DES UNIVERSITAIRES / La commandite à l’université ne se manifeste pas seulement par les marques qu’on appose sur des salles de classe, chaires de recherche ou des titres de professeur, à la manière vulgaire des logos qu’arborent les sportifs de haut niveau sur leurs maillots – à titre d’exemple, Patrick Provost, « Institution universitaire à vendre: le cas de l’Université Laval », La Presse, 29 juillet 2021. Mais dans la façon qu’a la recherche de se rendre désirable pour attirer ses commanditaires.

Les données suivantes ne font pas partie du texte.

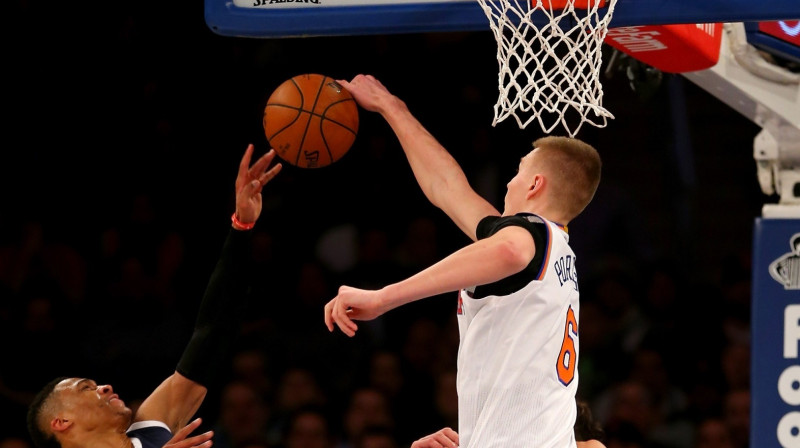 Kristaps Porziņģis bloķē Rasela Vestbruka metienu
Foto: AFP/Scanpix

Comme la télévision adapte sa programmation pour la rendre compatible aux préoccupations de ses annonceurs, l’université formate son enseignement et ses thèmes de recherche pour les rendre conformes à ce qui sourit à l’industrie. Les entreprises privées financent ce qui leur ressemble, mais également des États et des agences gouvernementales de plus en plus tendancieux dans leurs soutiens.

En ce sens, voilà qu’on a mis à la fin des années 1980 l’aberrant syntagme « développement durable » dans les pattes de ceux qui s’enquéraient de l’enjeu écologique dans différentes disciplines. Comme les autres expressions appartenant au régime idéologique de la gouvernance, il s’est imposé jusque dans des intitulés de programme et des centres de recherche alors qu’on ne doit ce genre d’expression à aucun chercheur particulier, aucune instance universitaire indépendante ou quelque intellectuel de renom, mais à des organes gouvernementaux réputés près de l’entreprise privée.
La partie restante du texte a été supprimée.